PETROCI Holding, Côte d'Ivoire's national oil company, is recruiting 10 technical personnel to support the direct operation of a newly acquired offshore asset in the Ivorian sedimentary basin. The move marks a significant step toward the NOC taking on operatorship responsibilities rather than functioning solely as a concession partner or equity holder — a strategic shift that signals growing state ambition in the country's upstream sector.
The recruitment drive is directly tied to the takeover of the offshore asset, suggesting PETROCI is building internal technical capacity to manage day-to-day operations independently. While the article does not specify the asset's name, block classification, or water depth, the offshore location places it within Côte d'Ivoire's Atlantic-facing sedimentary basin, which has historically attracted international exploration and production interest.
For Norwegian oil and gas service companies, PETROCI's transition to direct operatorship is a commercially relevant development. NOCs that assume operational control of assets — particularly offshore — typically require a rapid build-out of technical support, vendor frameworks, and service contracts. An operator that is simultaneously hiring staff and managing a live asset is an operator under execution pressure, which tends to create near-term procurement opportunities across well services, maintenance, production operations, and HSE compliance support.
Côte d'Ivoire has maintained a stable investment climate relative to many of its West African peers, and PETROCI has historically partnered with international majors and independents in various offshore blocks. A move toward direct operatorship, even on a single asset, reflects a broader trend across Sub-Saharan Africa where NOCs are seeking to capture more value from domestic production rather than ceding operational control to foreign partners. Norwegian companies with established NOC-engagement models — whether through technology transfer, embedded technical services, or joint-venture structures — are well positioned to engage at this stage.

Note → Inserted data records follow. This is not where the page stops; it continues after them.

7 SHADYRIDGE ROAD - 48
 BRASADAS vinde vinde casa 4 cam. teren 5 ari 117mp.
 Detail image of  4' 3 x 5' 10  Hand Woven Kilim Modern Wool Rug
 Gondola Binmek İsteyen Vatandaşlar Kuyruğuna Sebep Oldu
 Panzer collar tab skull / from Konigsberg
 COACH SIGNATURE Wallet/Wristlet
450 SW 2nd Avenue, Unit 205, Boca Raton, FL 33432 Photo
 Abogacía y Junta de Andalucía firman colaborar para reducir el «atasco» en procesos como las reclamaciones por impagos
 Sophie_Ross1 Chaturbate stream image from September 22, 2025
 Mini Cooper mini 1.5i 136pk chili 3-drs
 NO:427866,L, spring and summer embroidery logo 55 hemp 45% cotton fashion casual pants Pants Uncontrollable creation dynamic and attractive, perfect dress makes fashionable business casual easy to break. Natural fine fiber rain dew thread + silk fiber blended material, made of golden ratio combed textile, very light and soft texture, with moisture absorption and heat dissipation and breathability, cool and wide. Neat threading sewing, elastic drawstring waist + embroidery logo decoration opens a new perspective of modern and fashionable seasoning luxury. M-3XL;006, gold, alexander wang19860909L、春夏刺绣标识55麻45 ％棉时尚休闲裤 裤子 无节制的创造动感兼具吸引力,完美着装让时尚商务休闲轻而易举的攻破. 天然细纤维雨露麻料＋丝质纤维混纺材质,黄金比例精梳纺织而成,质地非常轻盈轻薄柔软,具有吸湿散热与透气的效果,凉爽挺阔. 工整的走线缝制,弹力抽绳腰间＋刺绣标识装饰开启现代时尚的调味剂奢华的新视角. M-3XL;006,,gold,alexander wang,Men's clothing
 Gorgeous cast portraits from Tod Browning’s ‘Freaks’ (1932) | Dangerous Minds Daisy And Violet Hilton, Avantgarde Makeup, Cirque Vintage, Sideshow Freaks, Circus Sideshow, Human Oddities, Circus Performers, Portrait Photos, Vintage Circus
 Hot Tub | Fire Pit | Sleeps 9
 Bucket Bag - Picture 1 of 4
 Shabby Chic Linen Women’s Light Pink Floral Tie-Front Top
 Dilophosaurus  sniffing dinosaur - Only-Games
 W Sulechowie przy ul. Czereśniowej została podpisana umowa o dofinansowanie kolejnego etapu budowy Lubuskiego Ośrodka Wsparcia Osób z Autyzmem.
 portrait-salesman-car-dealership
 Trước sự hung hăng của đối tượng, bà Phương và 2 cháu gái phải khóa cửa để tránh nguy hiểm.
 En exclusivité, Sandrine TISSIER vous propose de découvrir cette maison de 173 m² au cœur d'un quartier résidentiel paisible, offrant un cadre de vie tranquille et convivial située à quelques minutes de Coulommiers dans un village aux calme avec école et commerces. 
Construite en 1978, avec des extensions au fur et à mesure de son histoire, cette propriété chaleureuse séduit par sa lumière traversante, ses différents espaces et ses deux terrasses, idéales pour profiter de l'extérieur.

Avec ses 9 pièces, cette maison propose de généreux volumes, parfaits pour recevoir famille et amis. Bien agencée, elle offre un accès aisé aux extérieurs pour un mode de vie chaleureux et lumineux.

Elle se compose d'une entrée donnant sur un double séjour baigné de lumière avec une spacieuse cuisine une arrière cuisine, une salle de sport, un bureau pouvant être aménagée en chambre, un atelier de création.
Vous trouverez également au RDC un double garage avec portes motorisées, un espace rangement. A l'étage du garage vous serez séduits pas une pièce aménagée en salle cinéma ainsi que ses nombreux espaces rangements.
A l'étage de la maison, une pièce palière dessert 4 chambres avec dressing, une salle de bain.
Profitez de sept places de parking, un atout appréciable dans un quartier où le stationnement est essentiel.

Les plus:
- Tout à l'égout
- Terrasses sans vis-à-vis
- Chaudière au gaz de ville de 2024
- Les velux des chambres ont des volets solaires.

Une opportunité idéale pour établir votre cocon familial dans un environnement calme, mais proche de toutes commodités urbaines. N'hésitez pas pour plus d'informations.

The 10-vacancy figure is modest, but it underscores that PETROCI is not yet fully self-sufficient in offshore operations and will likely lean on external service providers and technical advisors to fill capability gaps. Companies able to offer operational support services, training programs, or embedded expertise alongside conventional service contracts may find a receptive counterpart in PETROCI as it navigates the responsibilities of direct asset management.